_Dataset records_
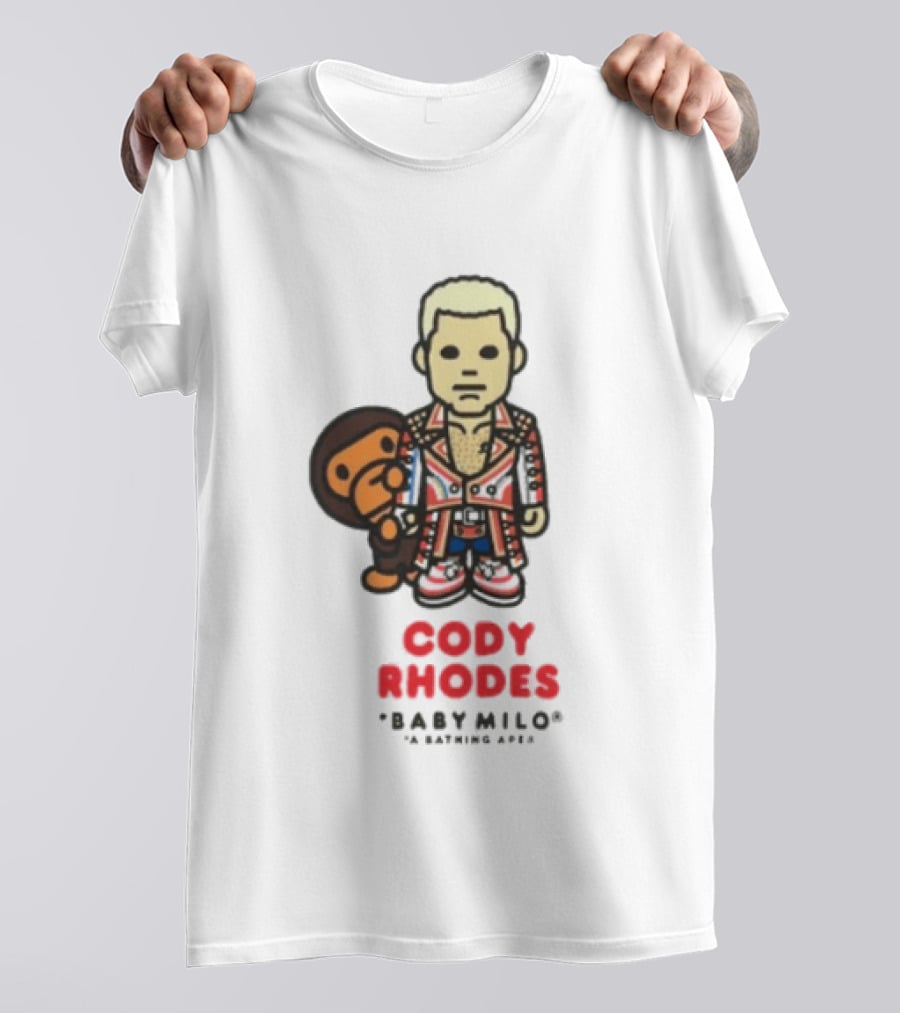 Cody Rhodes Baby Milo Wrestling Mens White Wwe Collaboration T-Shirt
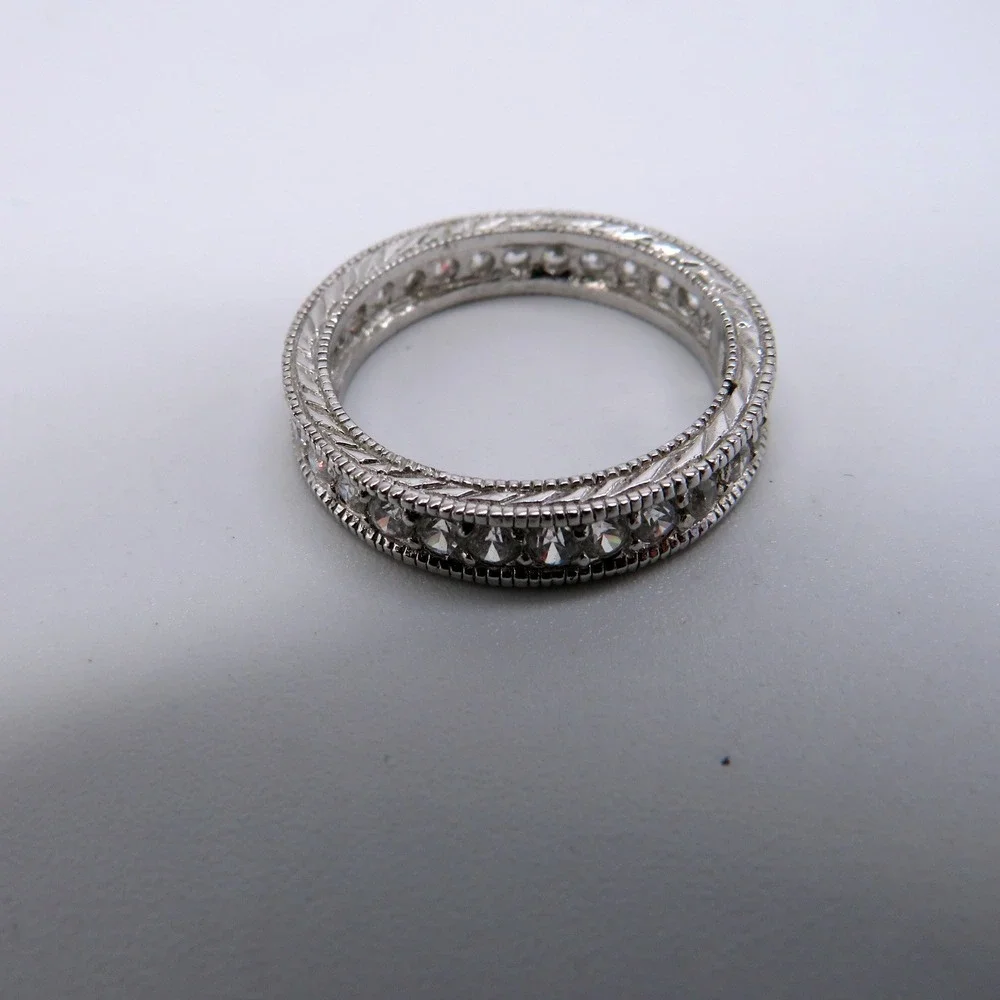 Silver Tone Eternity Band Ring Milgrain Clear Stone Size 6.5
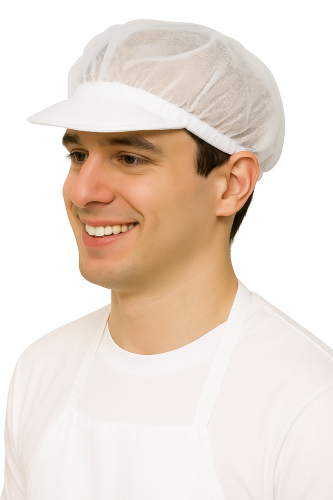 Weißer Tüllhut mit hartem Schild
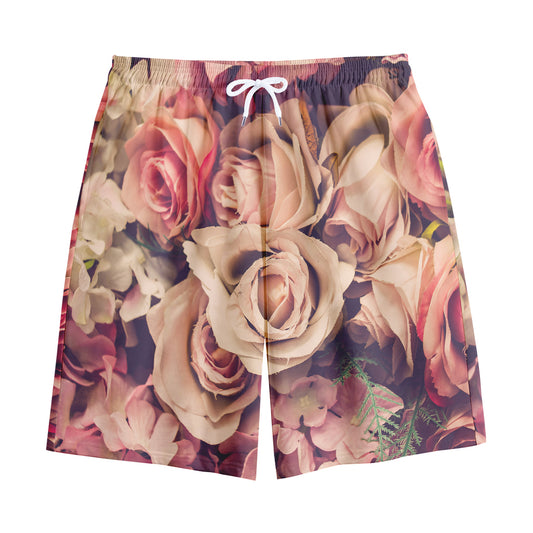 Retro Pink Roses Floral Print Cotton Shorts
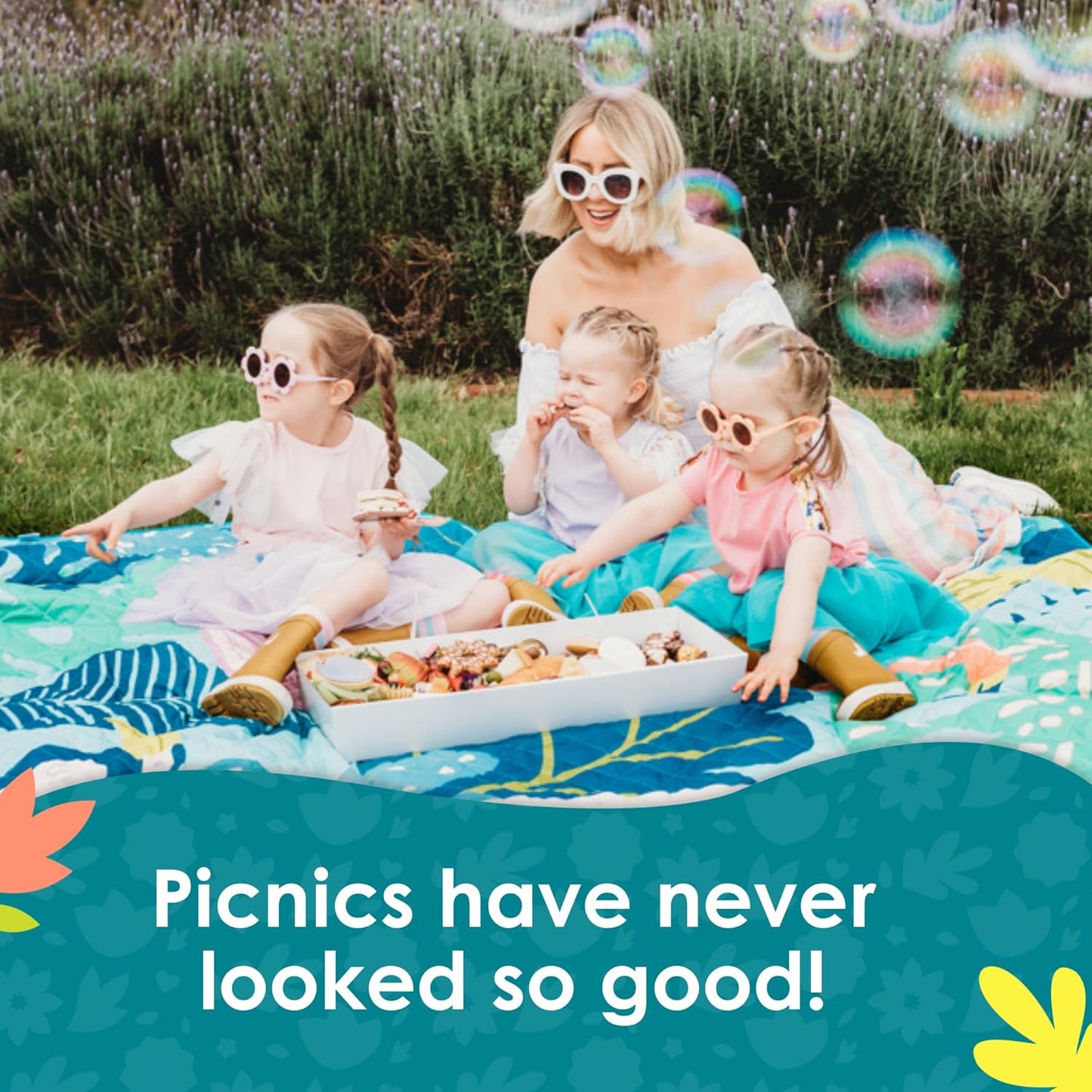 Rudie Nudie Jumbo Picnic Rug, Premium Large Picnic Mat, 6'7" x 6'7", Outdoor Waterproof Picnic Blanket Beach Mat, Foldable & Waterproof, Picnic Blankets Ideal for Beach & Park, Outdoor Blanket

_YOUR GOAL_
Reproduce exactly, and only, the lines from the one containing "Weißer Tüllhut mit hartem Schild" through the last line of the records above, both included, leaving out any pictures.

_TASK OUTPUT_
 Weißer Tüllhut mit hartem Schild
 Retro Pink Roses Floral Print Cotton Shorts
 Rudie Nudie Jumbo Picnic Rug, Premium Large Picnic Mat, 6'7" x 6'7", Outdoor Waterproof Picnic Blanket Beach Mat, Foldable & Waterproof, Picnic Blankets Ideal for Beach & Park, Outdoor Blanket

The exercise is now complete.